Google has now released an official technical postmortem. As with several major outages in recent years, the root cause was not a malicious intrusion or external cyberattack, but rather a flaw in the system’s quota management code. The failure was particularly insidious: it formed a self-reinforcing loop, the effects of which reverberated through multiple layers of infrastructure, including communications and monitoring systems.

It all began with what seemed like a minor update. On May 29, the Service Control component—a critical module that enforces quota and API policy compliance within Google Cloud—was enhanced with logic to support additional resource controls. This component plays a pivotal role in the platform’s architecture, processing requests via distributed regional instances and ensuring adherence to quotas, authorization, and access policies.

The update followed Google’s standard staged rollout across regions, and at first glance, all appeared to function smoothly. However, there was a subtle caveat: the altered code would only activate under very specific conditions—namely, the introduction of a new policy containing a particular data structure. During testing, such a policy had not been deployed. As a result, the flawed segment remained dormant—hidden in plain sight—awaiting a trigger.

That trigger came on June 12, when a policy was updated with fields containing empty values. This activated the previously untouched execution path. The new code attempted to access non-existent data, resulting in a null pointer error. The Service Control binary crashed instantly and entered a reboot loop. The issue replicated simultaneously across all regions, as each read the same policies and executed the same chain of operations.

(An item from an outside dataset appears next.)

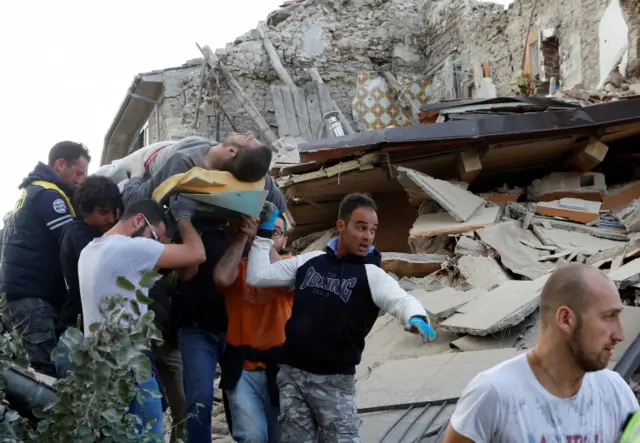 A man is carried away after being rescued alive from the ruins following an earthquake in Amatric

Google confirmed that the new code was not safeguarded by a feature flag—a mechanism designed to disable untested behavior quickly before widespread rollout. Had such a flag been implemented, engineers could have identified and quarantined the problem instantaneously. But in this case, no such safety mechanism existed. Moreover, the absence of proper error handling rendered the failure irrecoverable without manual intervention.

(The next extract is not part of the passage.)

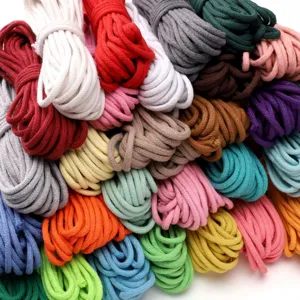 Detail view of various colorful 3/4mm core-spun cotton braided ropes for DIY handmade crafts.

Google’s Site Reliability Engineering (SRE) team responded swiftly: the incident was detected within two minutes, the root cause identified within ten, and recovery efforts began just forty minutes later. However, the complexity only grew from there. In major regions like us-central1, restarting Service Control overwhelmed the surrounding infrastructure. A mechanism built for orderly, routine operation buckled under the avalanche of simultaneous retries—a “herd effect” where identical processes flood shared dependencies all at once.

Because Service Control is a distributed system, the overload in major zones propagated downstream, complicating the recovery effort. In some regions, restoration took nearly three hours. Simultaneously, Google products dependent on Service Control—Gmail, Drive, Meet, Calendar, Voice—began to falter one by one. Meanwhile, Cloudflare customers, whose Workers KV relies on Google Cloud, experienced up to a 90% request failure rate.

Though most systems were back online by the evening of June 13, the aftermath continues to unfold. Google has pledged not only to prevent recurrence but to implement structural reforms in how infrastructure code is developed and deployed. Notably, the company aims to enhance both automated and manual communication with customers—ensuring that news of critical failures reaches them faster and with greater clarity.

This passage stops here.